# Duality in American Kenpo



## Ceicei (Nov 5, 2007)

Kenpo Seniors,

This is a question I had been thinking about in my mind for a long time regarding American Kenpo, but didn't have the words to frame what I was thinking and how to ask this.  The concepts in my mind became clear exactly how to ask regarding American Kenpo when I recently came across similar concepts within Jujitsu (I am still a beginning Jujitsu student).  Once I understood how I wanted to ask, I finally did ask my Kenpo instructor.  

I also wish to get more feedback on this, so I would like to extend the same questions to the Kenpo Seniors of MartialTalk.

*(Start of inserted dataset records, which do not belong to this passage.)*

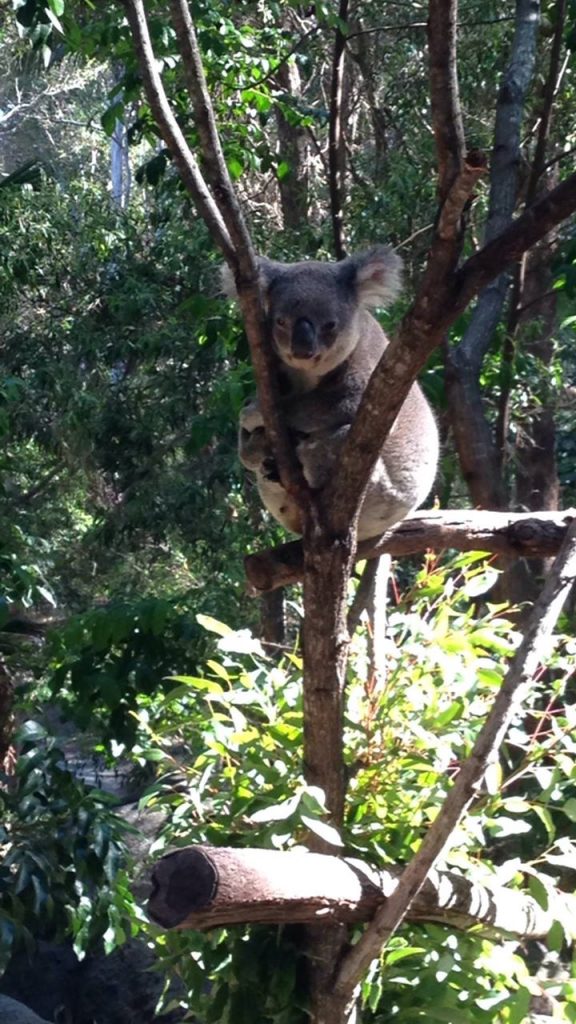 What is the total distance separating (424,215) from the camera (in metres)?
6.06

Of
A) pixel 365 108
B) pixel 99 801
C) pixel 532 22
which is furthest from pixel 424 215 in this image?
pixel 99 801

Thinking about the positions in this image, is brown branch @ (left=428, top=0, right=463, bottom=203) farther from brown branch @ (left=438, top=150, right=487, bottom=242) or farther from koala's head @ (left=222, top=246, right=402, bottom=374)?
koala's head @ (left=222, top=246, right=402, bottom=374)

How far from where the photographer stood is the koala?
10.1 ft

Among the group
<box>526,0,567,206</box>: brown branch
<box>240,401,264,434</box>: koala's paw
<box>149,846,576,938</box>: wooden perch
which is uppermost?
<box>526,0,567,206</box>: brown branch

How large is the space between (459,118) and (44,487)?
25.2ft

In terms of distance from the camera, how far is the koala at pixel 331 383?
308 cm

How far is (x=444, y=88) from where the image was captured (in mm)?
1817

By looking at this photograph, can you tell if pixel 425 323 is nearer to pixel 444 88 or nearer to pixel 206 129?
pixel 444 88

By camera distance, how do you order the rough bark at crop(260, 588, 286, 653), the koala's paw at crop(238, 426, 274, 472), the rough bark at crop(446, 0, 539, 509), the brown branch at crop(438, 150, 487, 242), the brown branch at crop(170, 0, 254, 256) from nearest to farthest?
the brown branch at crop(438, 150, 487, 242)
the brown branch at crop(170, 0, 254, 256)
the koala's paw at crop(238, 426, 274, 472)
the rough bark at crop(446, 0, 539, 509)
the rough bark at crop(260, 588, 286, 653)

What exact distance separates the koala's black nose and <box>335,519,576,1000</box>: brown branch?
46.5 inches

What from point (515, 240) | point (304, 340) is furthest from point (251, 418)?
point (515, 240)

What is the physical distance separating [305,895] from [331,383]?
5.55 feet

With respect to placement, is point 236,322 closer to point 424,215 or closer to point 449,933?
point 424,215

First, the background of the concept as I understand it before I extend this into questions at the end for you regarding American Kenpo.  I am going to put into a quotation block the concepts I learned from Danzan Ryu Jujitsu that made this a little clearer for me and will provide the reasoning why I am asking regarding American Kenpo.


> This is the question I asked my Danzan Ryu Instructor:
> 
> I've been reading the recent _*Kiai Echo*_ magazine [a magazine devoted to Danzan Ryu and this particular issue focused upon this subject] and am left with a question concerning the duality of Kappo and Sappo (or healing and killing).  Why are we taught some of the killing first, but do not learn the healing in our early training until later?  If these concepts are the two sides of the same coin, why not teach them simultaneously?
> 
> ...



Does American Kenpo have such a duality?  If so, is the "other side of training" reserved for black belt levels only, which would explain why I do not see such discussion of this topic within the colored belt levels?  Mr. Ed Parker seemed to hint of this duality with some of his writings in the _*Infinite Insights*_ books.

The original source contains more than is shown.